The cycle for the Temporal in volume one begins with the first Sunday in Advent and the Sundays following (ff. 1, 2, 3, 4v, 5v), continuing with Christmas (f. 6v), St. Stephen (f. 7v), the Holy Innocents (f. 9r), St. Thomas (f. 10), f. 12v, Sunday in the Octave of Nativity, Circumcision (f. 13v), Epiphany (f. 14 and 15v), Sunday in the Octave of Epiphany (f. 16v), Sundays following Epiphany (f. 17v, 18v, 20), Septuagesima (f. 22) and then including (among others), the Sundays following Septuagesima, Quadragesima (f. 27v) and the Sundays following, Passion Sunday, (f. 33v), Easter (f. 37v), Ascension (f. 48v), followed by sermons without rubrics, but continuing the cycle of the Temporal; the biblical theme of the final sermon from John 6:5 is found in other sermon cycles for the twenty-fourth or twenty-fifth Sunday after Pentecost, and this is possibly the feast concluding the cycle in our manuscript as well.
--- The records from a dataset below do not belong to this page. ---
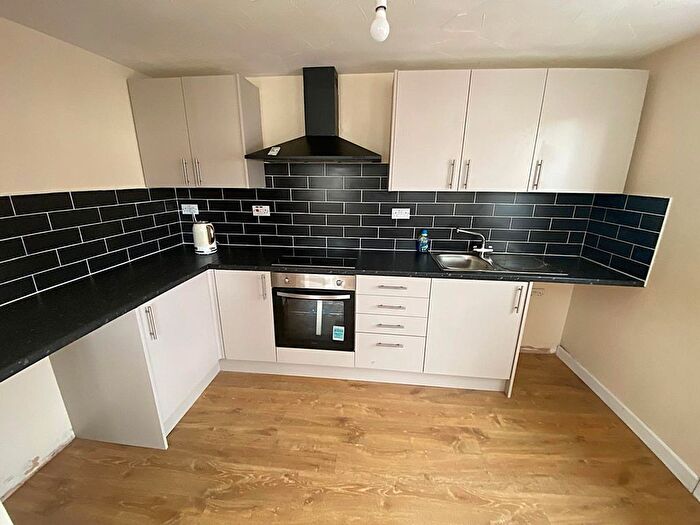 2 Bedroom Flat To Rent In Penarth Road, Cardiff, CF11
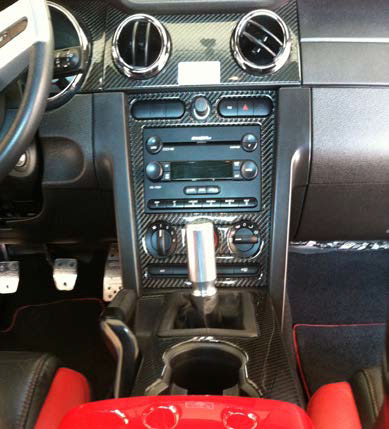 2005 mustang console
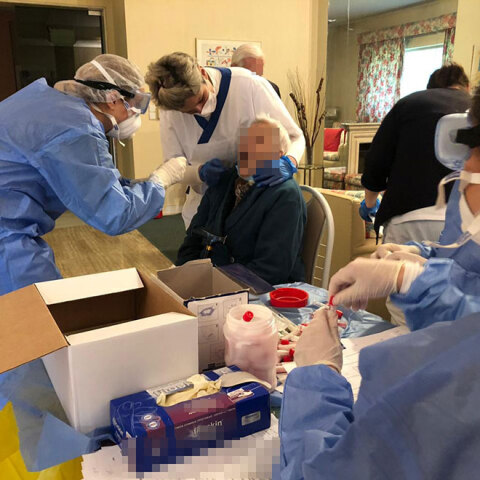 Κλιμάκιο του ΕΟΔΥ στο Γηροκομείο Αθηνών για τον κορωνοϊό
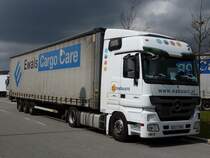 Mercedes Actros 1841 MP3 Spedition NABRUUS NL Gardinenplanen Auflieger  EWALS Cargo Care Lowliner in Herten am 22,04,2012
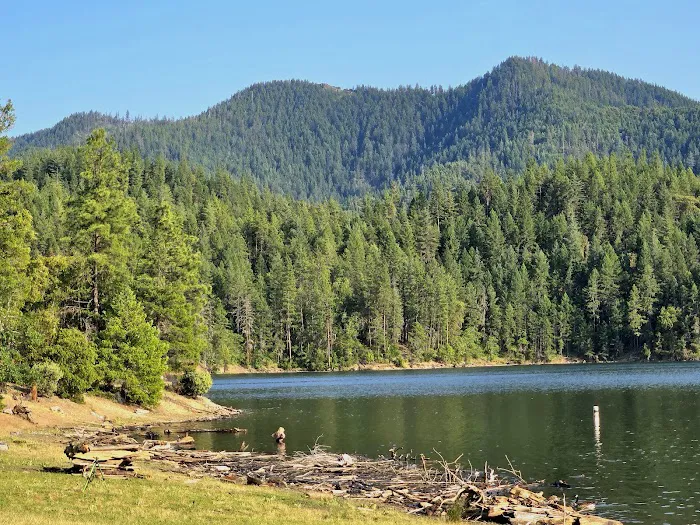 Applegate Lake Hart-Tish Park Picture 1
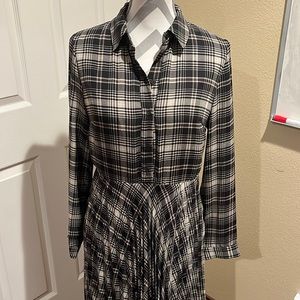 BANANA REPUBLIC dress 👗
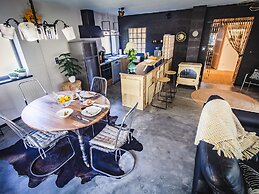 Premium Apartment in Saint-quirin With Garden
Volume 2, front pastedown, early leaf, now erased, used as a pastedown (previously identified as from a Choirbook, c.1100, but we have been unable to read any of the text, although it may be recoverable with imaging), with a small fragment from a fifteenth-century manuscript glued on, 87 x 23 mm., 14 partial lines, with a text in German, perhaps Margaretenlegende (Handschriftencensus, Online Resources);
Volume 2, ff. 1-119v, incipit, De benedictione, incipit, “Petito et accipietis. Primo cum abbatum constanter et frequenter. Gen. xviii[:20]. Clamor sodorum …”; … [f. 119rv], Item nota, incipit, “Daniel xiiii[:2]. Apud babilones erat ydolum nomine bel quod adorabat rex … cum uxoribus et filiis et familia, Amen”; [ending f. 119v, mid col. a; col. b, later memorial note, see Provenace above, and “Domine exaudi orationem mean”; f. 120, a few later pentrials; ff. 120v-121v, blank, but ruled].
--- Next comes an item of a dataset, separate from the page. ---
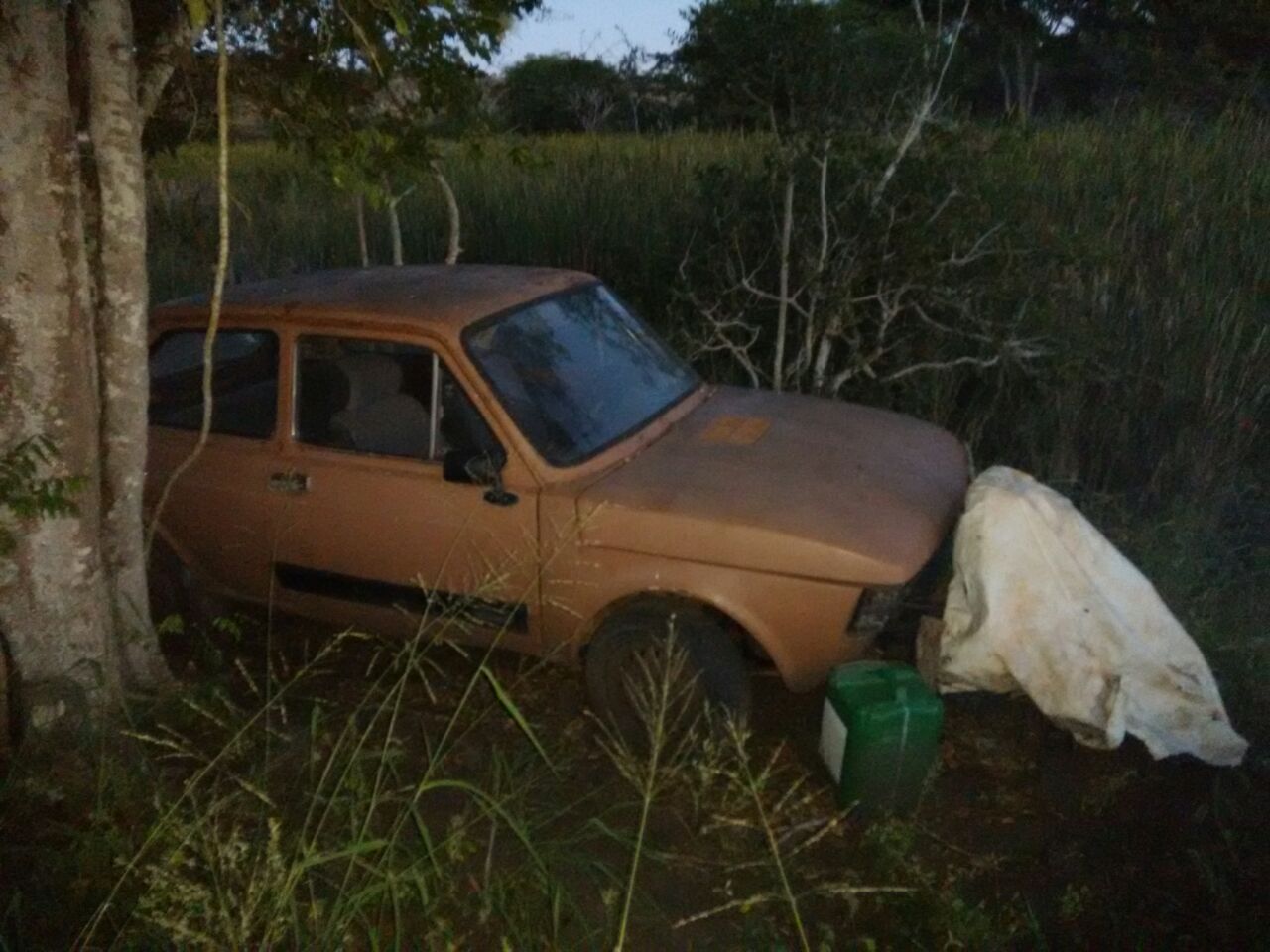 Fiat 147 “motor-bomba”. Junin. Bahia, Itaquara.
Volume two contains texts for preaching as well as sermons, complete with their biblical theme, many with rubrics suggesting a topic, and others, the liturgical occasion, including some sermons from the Temporal and Sanctoral, beginning with a “De benedictione” (On blessing or benediction), and including (among others), f. 3v, On sin, f. 5v, On contrition, f. 5v, On the Mass, f. 6v, On the falseness of the world, f. 7v, On dedication (of a church?), f. 8, Apostles, f. 9v, On the Body of Christ, ff. 10, 11, and 11v, All Saints, f. 14, All Saints and All Souls, f. 15 and 16, All Souls, f. 16, On the ten signs, f. 17, Advent, f. 17v, Advent and Annunciation, f. 20, 20v, and 21, Christmas, [continuing with feasts from the Temporal, Stephen, John, Epiphany], f. 25v, 27, and 27, Annunciation of Mary, ff. 28v and 29v, Passion Sunday, f. 31v, Palm Sunday, f. 33 and 34v, Easter, f. 36v, Ascension, f. 37v, Holy Spirit, f. 38, John, [followed by feasts from the Sanctoral, including Peter and Paul, Margaret, Corpus Christi], f. 42v, Blood of Christ, f. 43v, Rogation Days, f. 44, Mary Magdalene, ff. 46-50, numerous sermons for the Assumption, [continuing with the Sanctoral and concluding with Elizabeth, followed by sermons for the Common of Saints, sermons in honor of the Virgin, and sermons for the Dedication of a Church, followed by sermons, some without rubrics, for the Sundays following Pentecost from the Temporal concluding with Sunday twenty-five on f. 81, [followed by a rich collection of sermons on different themes and moral topics including f. 83, Day of Judgement, f. 83v, [divine] love, f. 85, Noah’s ark, f. 92, An exemplum (moralizing story), f. 93v, thieves, f. 98v, the temptations of the devil, and f. 104v, Purgatory].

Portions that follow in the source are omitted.